The law was passed then to protect women and to deter human trafficking.
Chairman of the Government Parliamentary Committee for Law and Home Affairs Hri Kumar Nair said the issue of sex with underage prostitutes was a concern that needed to be addressed with a multi-pronged approach.
He said: "By making underage prostitution illegal, we target the market.
"If the law deters people from paying for sex with underage prostitutes, there will be less incentive for pimps and traffickers to force or entice young girls into the trade."
But despite the law, some men are still seeking to have paid sex with underage girls.
Lawyer Charan Singh said: "There are the rare few who do it without worrying about the consequences. So they have to face the music when they are prosecuted."

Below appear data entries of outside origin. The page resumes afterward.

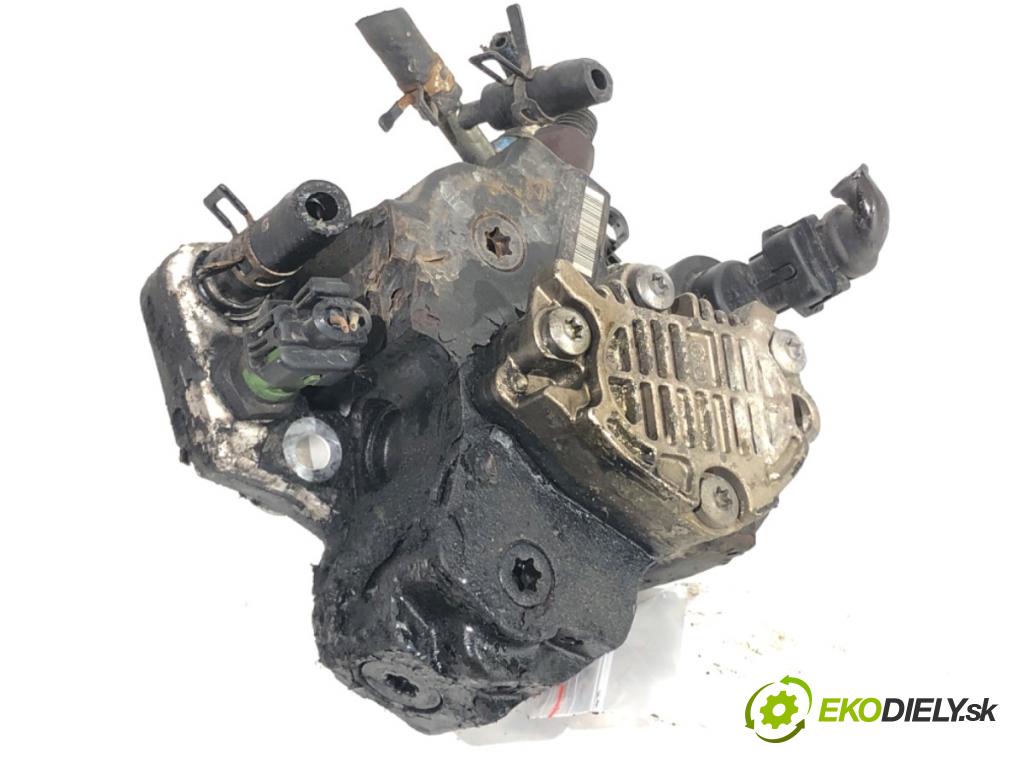 TOYOTA AURIS I liftback 2007 66 kW 1.4 D-4D (NDE150_) 1364 Pumpa vstrekovacia 22100-33040 445010105 (Vstrekovacie čerpadlo)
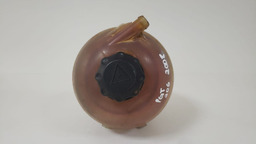 RESERVATÓRIO ÁGUA RADIADOR PEUGEOT 206 1.4 2002 A 2008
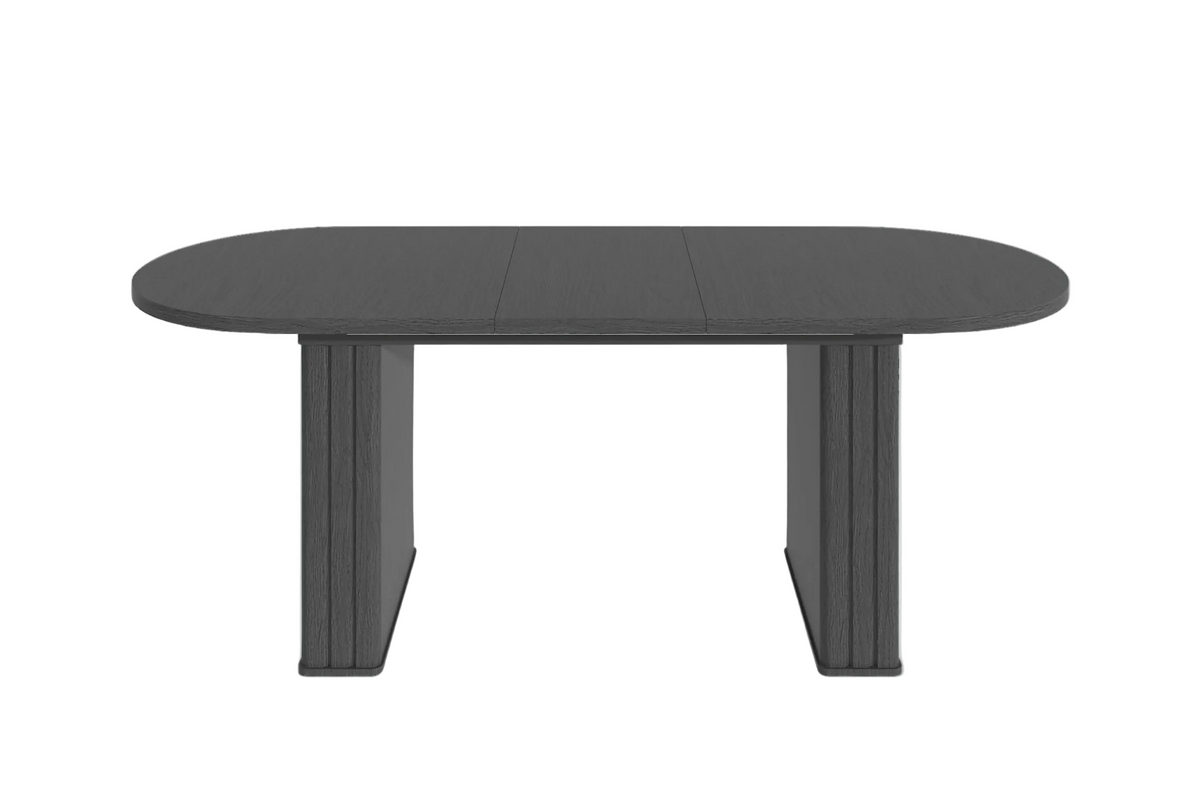 LAVIQO 63"-78" Extendable Dining Table
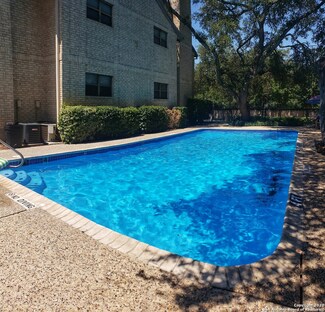 11843 Braesview Unit 1103, San Antonio, TX 78213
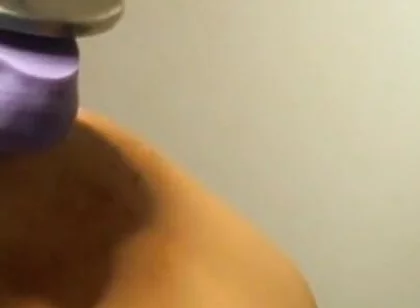 Dimpled and Machine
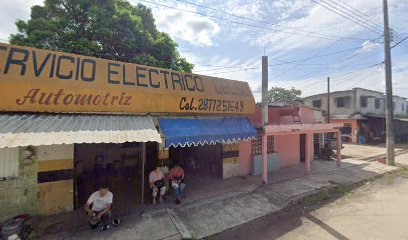 Negocio Servicio Electrico Roger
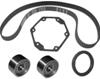 KIT CINGHIA E CUSCINETTI DISTRIBUZIONE IVECO DAILY CITY 2000 - TURBODAILY 96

But Mr John Vasavan, a relationship counsellor for almost 30 years, thinks that it is not easy to control human trafficking unless someone reports the consenting parties.
And the very medium - the Internet - which made prostitution easier with the mushrooming of online vice rings, is also its bane.
Mr Vasavan said: "When they go online, they can get too popular and get found out. But otherwise, they will continue."
He also warned that the law has bite even if a Singaporean man pays for sex with an underage girl outside of the country.
"If I go to Thailand and have sex with a 13-year-old girl, I can still be charged in a court here," he said, noting that many men go out of country to have sex and would usually seek younger girls.
Just last week, heartbreaking and horrendous details of how a 17-year-old Chinese girl was forced into prostitution were revealed.
She was tricked, drugged, raped, turned into a sex slave and then forced to prostitute herself here by a pimp.
While she has been forced to sell herself, there are also local girls who have done it for extra pocket money.
One case in mind is the girl in the centre of the high-profile online vice ring, where 51 men have been hauled to court for paid sex with the 17-year-old.
This raises the question: Should there be a different set of laws for those who are forced into prostitution and those who do it knowingly?
Experts we spoke to resoundingly said no.
Ms Gloria James of law firm Gloria James-Civetta & Co said: "They should be charged as they are fully aware of what they are getting into.
"It is rarely or hardly heard of for a girl to be raped in Singapore and forced into prostitution.
"Most of the time, the girls know what they are getting into, and for the majority, it is the lure of easy money."
Criminal lawyer Edmond Pereira, who is representing an accused in the high-profile online vice ring, said that sometimes, the girls exploit the law and thus, their identity should not be concealed.
He said: "They take advantage of the issue and they lie, such as giving the wrong passport."
But the crux of this whole issue is the demand.
Said Dr Carol Balhetchet, director of the Singapore Children's Society's Youth Service Centre: "It has nothing to do with the act. The devil is in the handful of men who still find ways to deviate from the law."
Mr Pereira agreed: "The law should go hard on these people who solicit for young girls. They are like paedophiles."